The benchmarking was performed using a Bull Novascale R422-E1 twin dual-socket server with Intel Xeon 5462 (Harpertown) dual-core CPUs at 2.8 GHz and a single nVidia TESLA S870. I measured the performance of the different triple matrix multiplication methods for different sizes of the matrices.

I compared the original implementation of the ISPI code (i.e. the quadruple loop) and the two triple loops each compiled with the PGI 8.0-4 compiler for x86_64 CPUs. Furthermore, I compiled the two triple loops with the same compiler using the TESLA as target.

Figure 3 shows the dramatic difference in the performance between the quadruple loop and the two triple loops. Additionally, the PGI-generated TESLA version of the triple loops and the computation using the Intel MKL are compared in Fig. 4.
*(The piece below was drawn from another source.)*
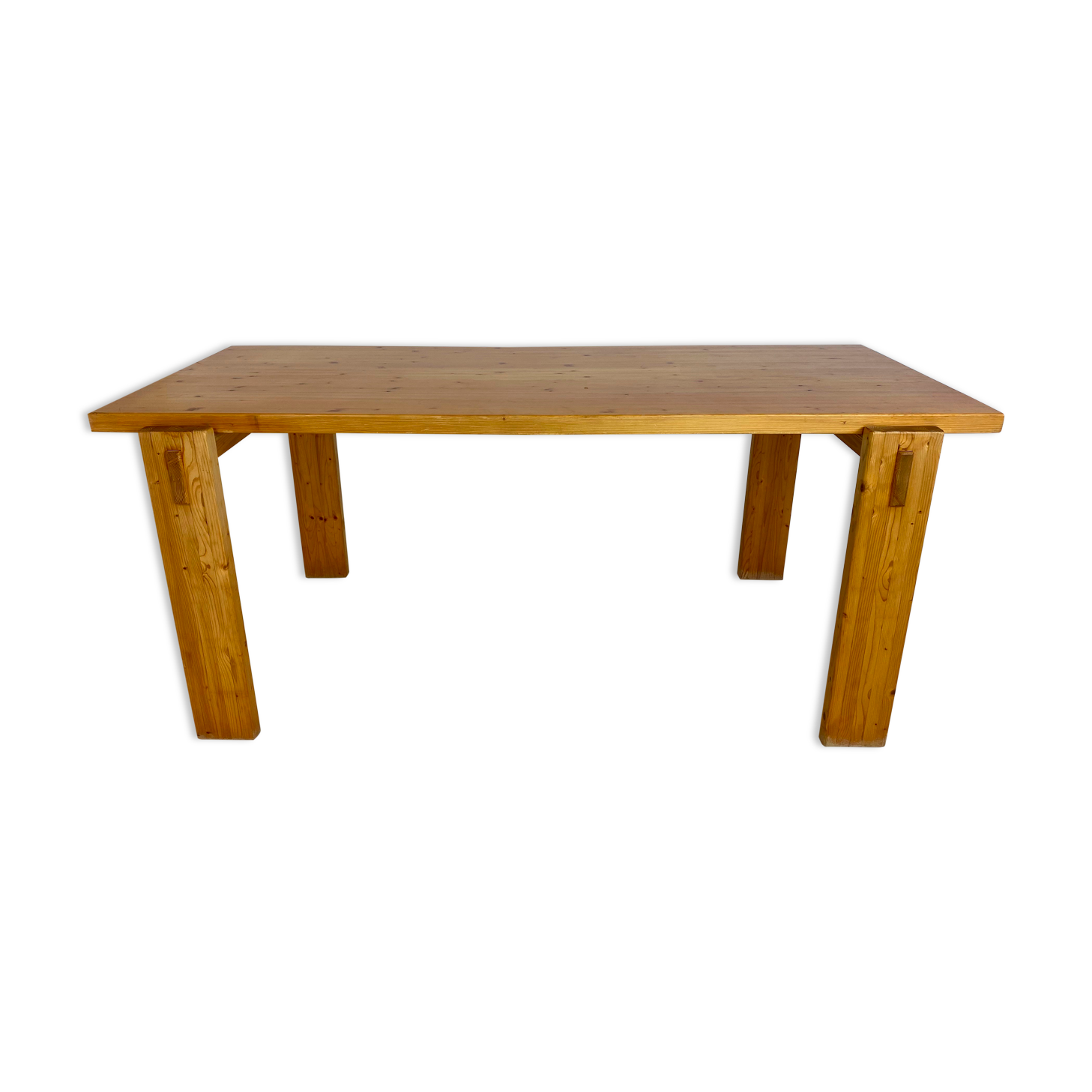 Scandinavian modernist brutalist pine rectangular dining table, 1960s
Figure 3: Comparison of the performance of the quadruple loop and the two triple loops


Figure 4: Comparison of all benchmark runs (different scale than Figure 3)

The most noteworthy outcome is the small difference between the simple-to-use solution utilizing the PGI compiler (with TESLA as a target) and the highly optimized MKL. Of course, implementing the triple matrix multiplication was also very easy. But this example shows impressively the great potential of the PGI compiler in generating very fast accelerator-aware applications from your familiar FORTRAN code.

Conclusions

Optimizing existing applications always starts with exhaustive profiling and benchmarking. In most of the cases the major part of the compute time is consumed in a limited number of lines of the source code which is easily manageable.

Using pre-existing libraries is always the first choice and I would like to strongly encourage all scientific programmers to perform a systematic search for appropriate libraries. Don't try to just translate your math into source code. Rather split your problem, reformulate it, until it can be expressed in the sense of already known computational steps.

But, in case of new algorithms or mathematical methods you need to write your own numerical algorithms. With the new PGI compiler these algorithms now can be compiled for the usage of current accelerator technologies in a very straight-forward way. As shown in this example of a triple matrix multiplication the result performs quite as good as the matrix multiplication of the BLAS library which is optimized for three decades now.

About The Author

Dr. Stephan Raub was born in Düsseldorf (Germany) in 1975. He started studying Chemistry at the Heinrich-Heine University of Düsseldorf in 1995 and did his diploma thesis 2001 in quantum chemistry. In 2007 he graduated in computational chemistry with a dissertation about predicting the binding energy of protein-ligand complexes, which is a crucial step within the process of computer aided drug design. Since 2007 Dr. Raub is working at the Institute for IT-Management (chair: Prof. Dr.-Ing. Olbrich) in a cooperation project of the Heinrich-Heine Universtity and the HPC vendor Bull Germany. His focus lies of the development and the implementation of methods and algorithms for the efficient utilization of heterogeneous high-performance-compute clusters. Furthermore, he leads the development of the accounting and monitoring solution.